Children’s Book Explores the Great ‘Knish War’
Once upon a time on New York City’s Lower East Side, Jewish immigrants from Eastern Europe sold knishes from pushcarts and little knisheries. That was more than 100 years ago. But today, those dumplings filled with cheese, kasha or potatoes are still a staple in many delicatessens.
Author Joanne Oppenheim was fascinated with the popularity of those delicious noshes, and wanted kids today to know about them. So, she wrote The Knish War on Rivington Street.
The book’s story, which is based on true events that happened in 1916, is about Benny and his family, who have a successful baked knish business on Rivington Street.
As the story begins, people often wait in line to buy knishes from Benny’s family — and at 5 cents a knish, they’re a real bargain. Then, another family — the Tisch family — opens a store across the street, and starts selling square, fried knishes. A knish war ensues. Prices drop, signs are made, raffles are created, street music is played — anything to sway customers to buy from them.
The mayor comes for a visit, and he can’t decide which kind he likes better — round or square? Baked or fried? Eventually the rivals form a truce, and Rivington Street is called the Knish Capital of the World.
Oppenheim, who was born and raised in New York’s Catskill Mountains, lives in New York City; she got the idea to write the book after she heard a lecture about the history of knishes.
“I was at an event at the Brooklyn Historical Society, and a woman called ‘The Knish Lady’ was talking about the knish war on Rivington Street,” she says. “I went to the archives and read about it in a New York Times article written in January 1916.”
Although her book is very entertaining, her hope is to convey the message that competition is OK — and that you don’t have to be the best, because there is always more than one way to do something.
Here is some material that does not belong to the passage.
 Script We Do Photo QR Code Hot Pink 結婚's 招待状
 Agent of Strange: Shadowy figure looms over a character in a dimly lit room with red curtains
She also wanted to capture pictures of what life was like in the last century — which Jon Davis’ illustrations charmingly achieve.
At the end of her book, Oppenheim added a recipe for knishes. “I mentioned to the editor [that] it would be great to include a recipe — so I had to learn how to make them at home,” she says. “I had to look up recipes and adapt them and make them my own. With beginner’s luck, I think they turned out to be delicious.”
Oppenheim has written more than 50 books for and about kids, including The Prince’s Bedtime and The Prince’s Breakfast. She co-founded, along with her daughter, the Oppenheim Toy Portfolio, where they review children’s products; they have also become contributors on NBC’s Today Show.
According to Oppenheim, when she began writing the book, she knew that kids were more familiar with bagels, but wanted her book to be about a Jewish food perhaps not so widely known. “I wanted kids to understand what a knish was,” she says. “And who knows — maybe knishes will have a rebirth.”